You can see why PwC might feel nervous about Bumi, the Indonesian coal miner and FTSE 250 constituent. The accountant signed off the June 2011 prospectus for the creation of a business subsequently blighted by investor infighting and allegations of fraud. The recriminations appear to have sensitised the auditor, whose punctiliousness has resulted in Bumi delaying its annual results and suspending its shares.
This action is extremely unusual. Most companies report their numbers with clockwork regularity. Bumi’s inability to do so further undermines the credibility of a group whose board narrowly dodged removal by Nat Rothschild and other rebel shareholders in February. Suspension means there is no transparent price in the shares, leaving investors holding an illiquid investment.
Trading will not recommence on the London stock market until Bumi has dispelled the doubts that PwC has over Berau, its Indonesian subsidiary. The auditor is worried that ex-executives of Berau signed contracts with suppliers and customers that were never disclosed to the parent group. Quantifying these liabilities, if any, will take too long for Bumi to meet an obligation to report results within four months of the year-end.
Nick von Schirnding, Bumi chief executive, hopes to publish 2012 results in May. In June, investors should supposedly have the chance to vote on a proposal for the Bakries, a powerful Indonesian family, to buy out Bumi’s 29 per cent stake in Bumi Resources, another coal miner, in return for cash and the cancellation of their shareholding in Bumi.
Will everything happen to schedule? A pessimist would say that if anything can go wrong for Bumi, living embodiment of Sod’s law, it generally does.
Pressure is mounting on City advisers who brought foreign miners to list in London. Two of them, Bumi and Eurasian Natural Resources Corp, have become mired in corporate governance rows and allegations of wrongdoing. PwC is auditor to both.
Gerald Corbett has great expectations for Betfair, the gambling group he chairs, writes Kate Burgess.

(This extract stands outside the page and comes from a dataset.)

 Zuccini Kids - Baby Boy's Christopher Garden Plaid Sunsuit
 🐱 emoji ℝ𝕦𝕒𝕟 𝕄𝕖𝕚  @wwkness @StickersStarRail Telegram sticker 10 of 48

For all the company’s failure to deliver on its early promise when it floated at £13 a share, he has rejected the 880p indicative approach from F1 owner CVC as insufficiently racy. He says Betfair has a good business, no need of private equity money and its new management team is midway through turning it round.
Mr Corbett’s utterances echo those he made as chairman of Woolworths, the pick’n’mix retailer which Apax approached with a marriage proposal eight years ago. First, Mr Corbett rejected the suit. Then, when the private equity house raised its putative bid above 58p, he opened Woolies’ books so that Apax could finalise funding, only for Apax to recoil sharply saying that it couldn’t “confirm key cash items”.
Woolies was left, like Miss Haversham, at the altar and Mr Corbett warned other executives against opening up to private equity Lotharios. His views haven’t softened much in the years since. That may be to investors’ advantage if playing hard-to-get drives CVC to lift its offer. But Betfair shareholders should bear in mind the grizzly fate of Miss Haversham and of Woolies, whose great expectations went up in flames. The shares never hit 58p again and investors who bailed out when Apax hove into view were the clear winners.
A debate as fierce as that between Lilliput’s Big Endians and Little Endians is brewing. The issue here is not which end of a boiled egg to crack, but the reform of London interbank offered rates. Hundreds of trillions of financial contracts are priced against these discredited benchmarks whose big weakness is their failure to reflect real borrowing activity.
A radical Little Endian faction is led by Gary Gensler, head of the US Commodity Futures Trading Commission. Intruding on the private grief of British hosts, he used a speech on Monday to argue for rapid replacement of Libor with lending benchmarks such as repo rates and overnight index swap rates.
The gradualist Big Endian cause is promoted by Martin Wheatley, boss of the UK Financial Conduct Authority. He has called for Libor to be reformed rather than replaced in the short term. In a report he found that swap rates lacked liquidity and that repo rates failed to reflect credit risk.
Despite their schisms, the Lilliputian debaters all wound up eating boiled eggs. Similarly, the end result of the Libor controversy will be the pricing of financial contracts against indices that, in differing ways, fail to reflect reality.